(Material provided):
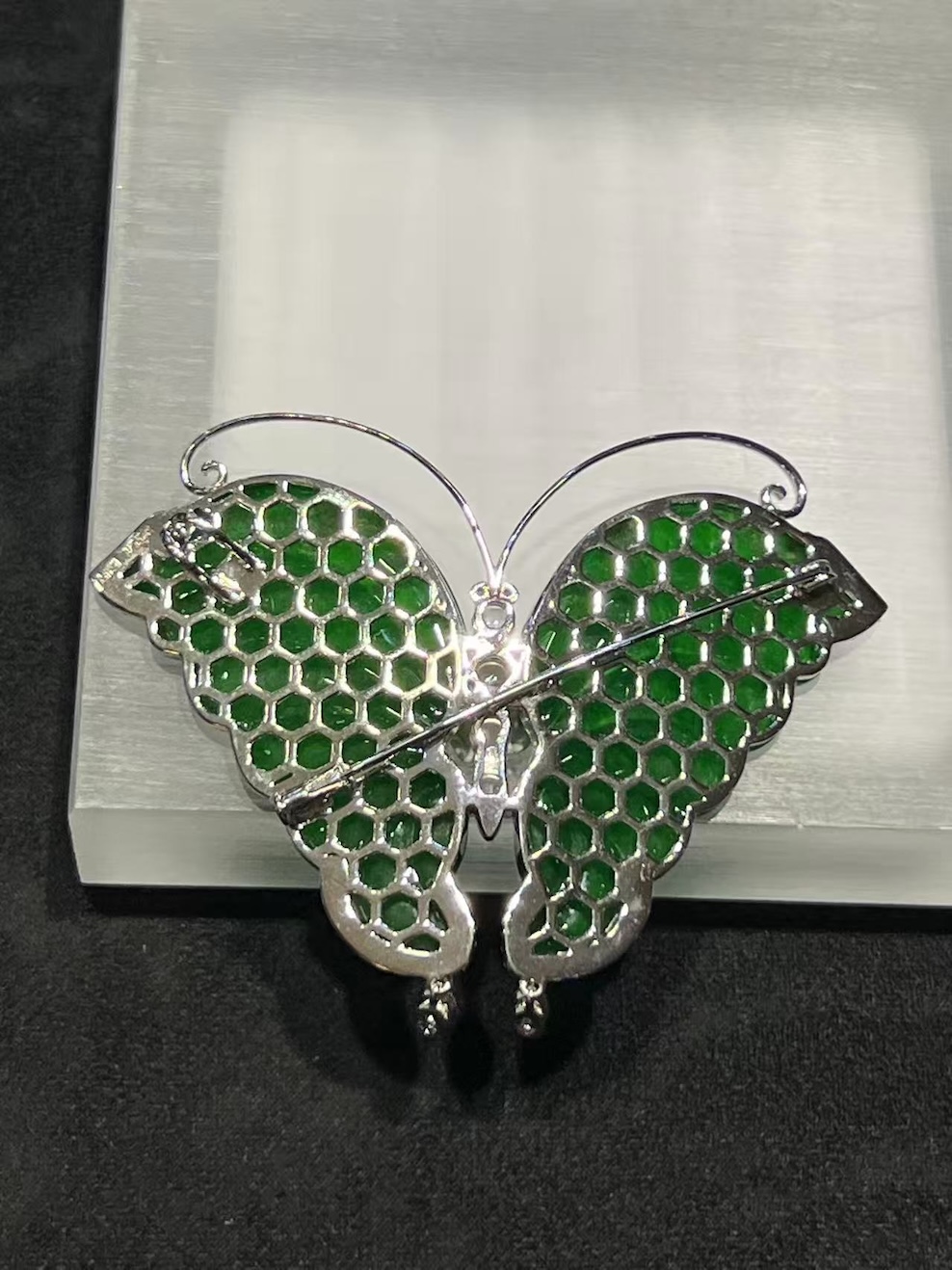 Translucent vibrant green butterfly jadeite pendant brooch set in 18k white gold with diamonds and pink sapphires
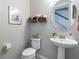 Charming powder room with decorative accents, a pedestal sink, and a round mirror at 8643 Coventry Park Way, Windermere, FL 34786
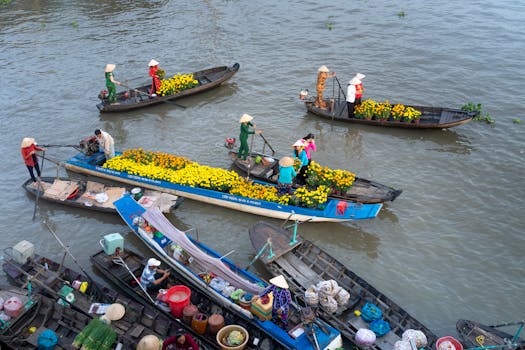 Colorful floating market with boats filled with flowers on a river in Soc Trang, Vietnam.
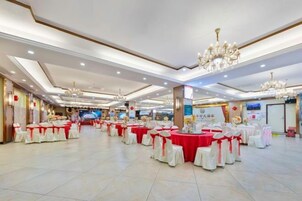Un salón de banquetes con mesas redondas, candelabros y un escenario.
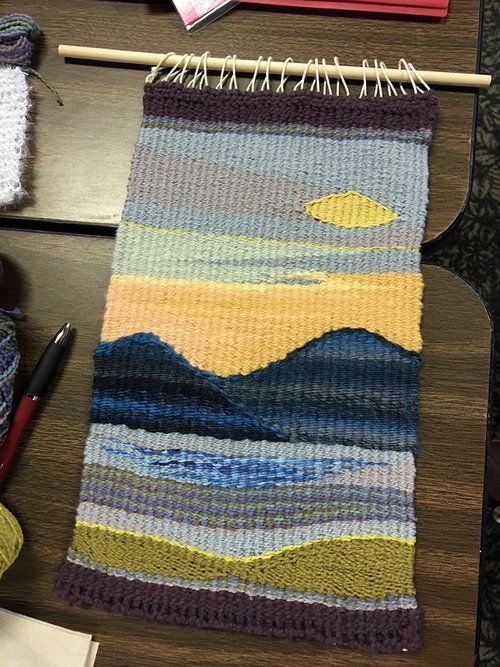 a knitted rug sitting on top of a wooden table next to yarn and knitting needles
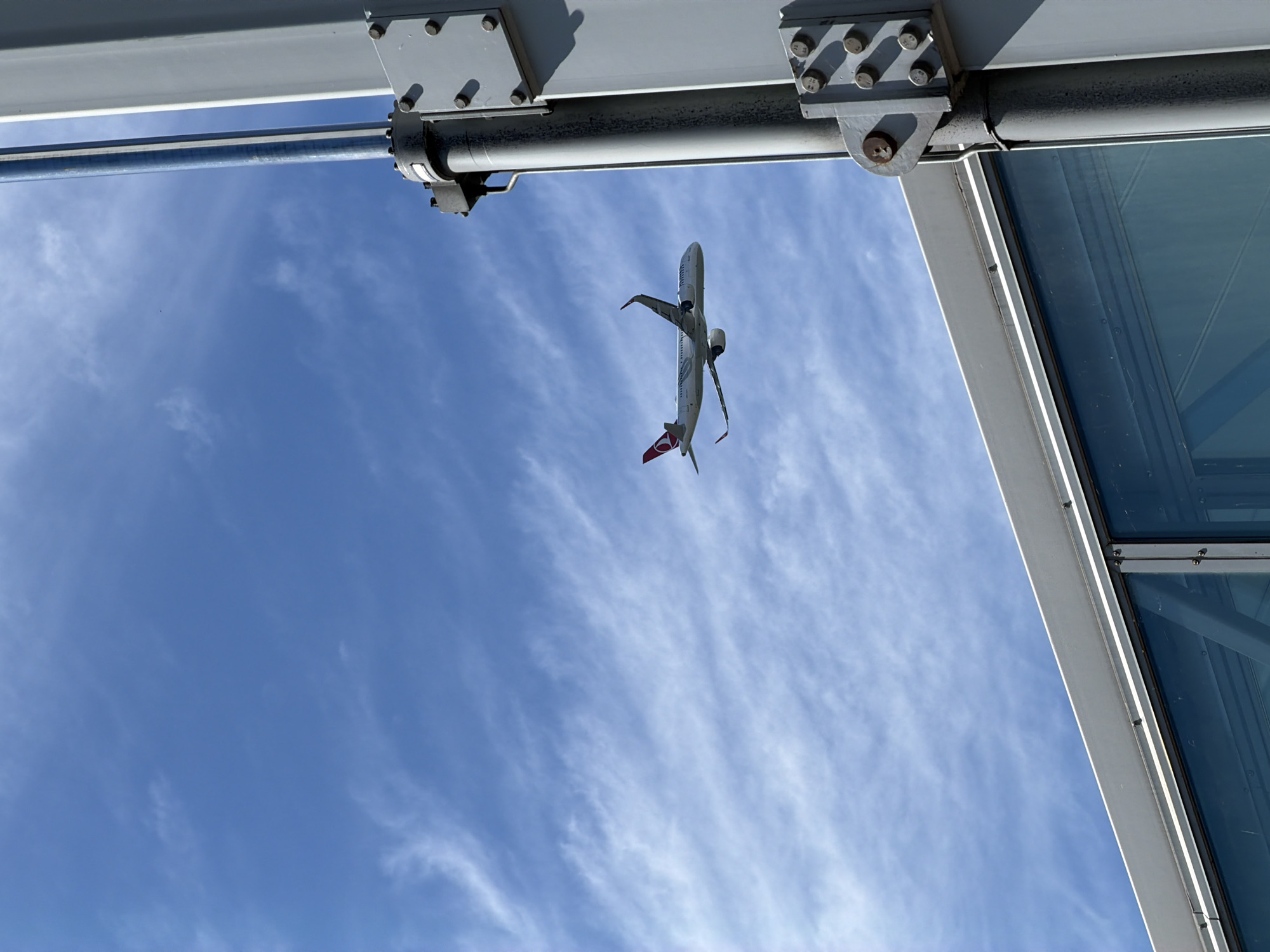 An airplane with the Turkish Airlines logo on its tail flies through a blue sky with wispy clouds. The airplane is in the upper left quadrant of the image. In the foreground on the right, a large metal structure, part of an airport jet bridge, with bolts and seams is visible, obscuring the lower right quadrant of the image. The lower left quadrant shows the glass exterior of the jet bridge. The image was taken in Tallinn, Estonia.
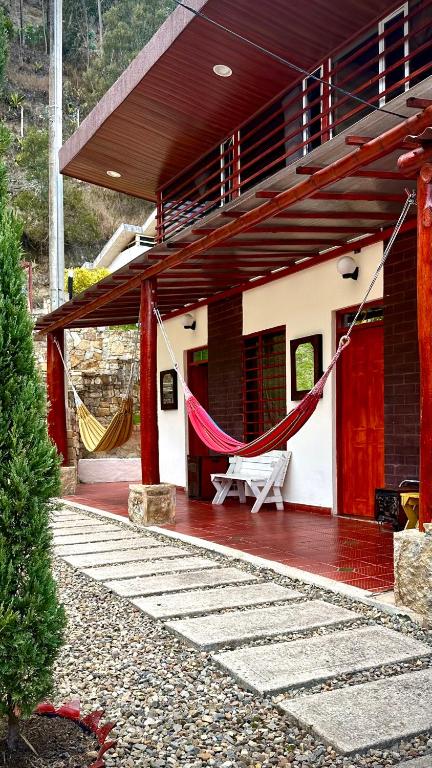a house with a porch with a hammock in it at MONTESANO Finca HOTEL in Jenesano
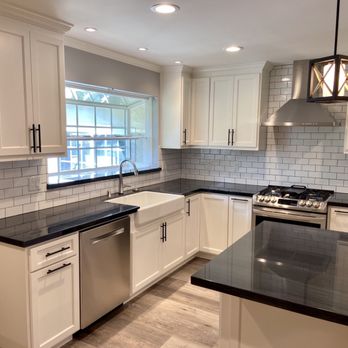 Custom Cuts Construction - a kitchen with white cabinets and black countertops - General Contractors Near Me - Tracy, California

(What to produce): In the data above, find the line containing "Un salón de" and the line containing "An airplane with". Copy exactly the stretch from the first through the second, both included, leaving out any picture.

(Solution to this problem):
Un salón de banquetes con mesas redondas, candelabros y un escenario.
 a knitted rug sitting on top of a wooden table next to yarn and knitting needles
 An airplane with the Turkish Airlines logo on its tail flies through a blue sky with wispy clouds. The airplane is in the upper left quadrant of the image. In the foreground on the right, a large metal structure, part of an airport jet bridge, with bolts and seams is visible, obscuring the lower right quadrant of the image. The lower left quadrant shows the glass exterior of the jet bridge. The image was taken in Tallinn, Estonia.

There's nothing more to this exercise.